You could describe Caldera as being a metal jam band pretty accurately. The tracks, in true post-metal style, are fairly winding and journeylike in tone, with little in the way of repetition or traditional song structures. The lack of vocals accentuates this even more, preventing any one instrument from 'leading the way'; drums, guitars, and bass are all generally doing very different things. Like most post-metal, the music is structured around peaks and valleys, but unlike a band such as Isis, the climaxes of Caldera's music don't necessarily indicate an end or progression; Caldera's songs are more like fragments of endless processions of melody and rhythm. It's perhaps even less 'songy' music than Pelican in that they aren't easy musical units ready for consumption. Caldera's music is a more challenging listen than most, but it's equally rewarding in that difficulty: it demands from the listener and gives you more than most.

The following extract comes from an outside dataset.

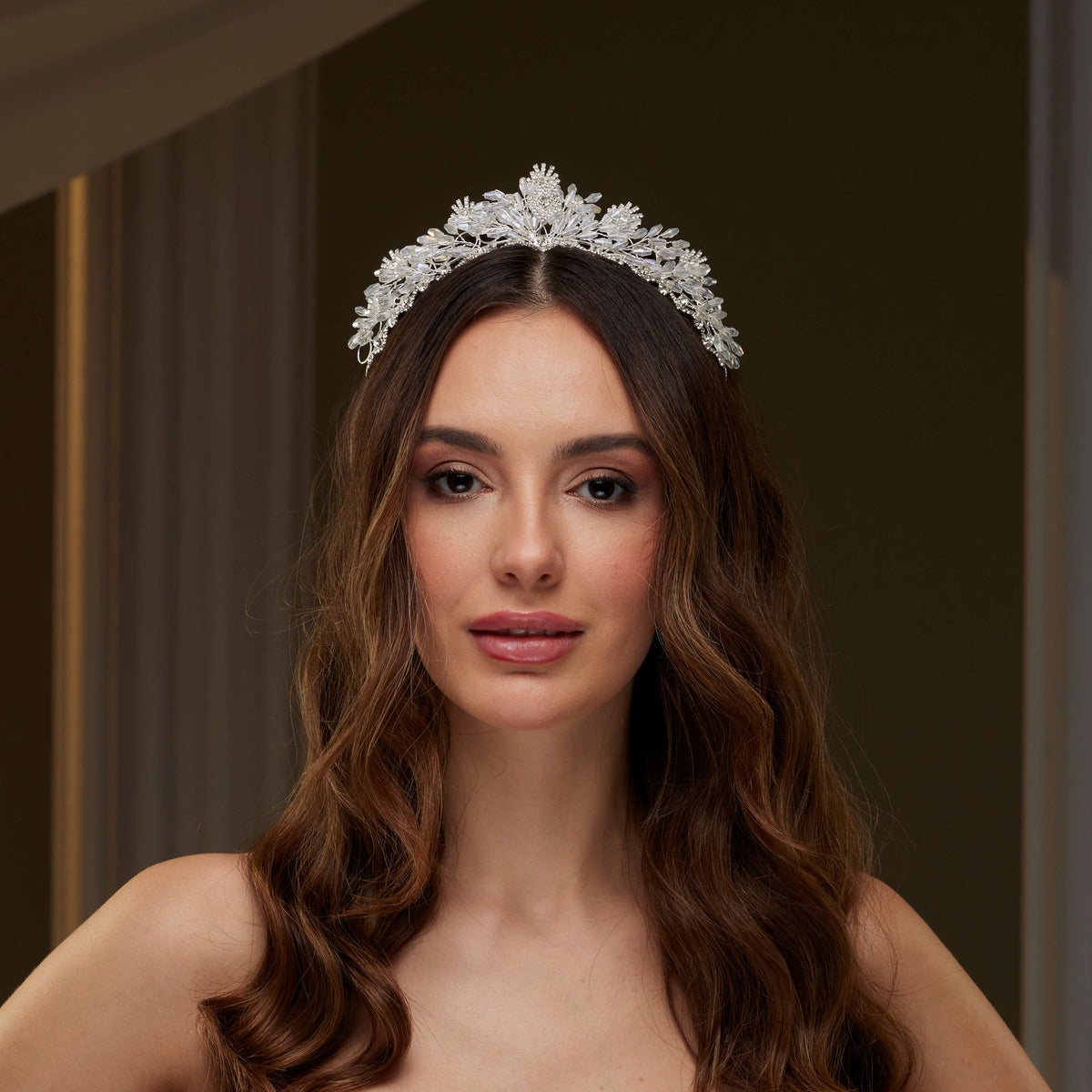 Crystal Bridal Tiara - Glamourous Grace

The production offers a lot of acoustic space for very natural-sounding instruments. It helps add to the woodsy tone of the music; lots of clean guitar and bass sections merge with the more bombastic electrified parts to provide a very flowing listening experience. The tracks aren't very individualized, but they make up for that with providing the very whole experience that is 'Mist Through Your Consciousness'. The recurring motif of trees isn't a coincidence; this is music to be lost in the forest to, and to take in the grandeur, beauty, and cruelty of nature. It's a poetic album, moreso than most in the metal scene today, and it is daringly executed through its directionless meandering of instruments. You could accuse this music of being emotionless, but that's not what it is; it's the sound of being stranded in a world that feels no emotion towards you.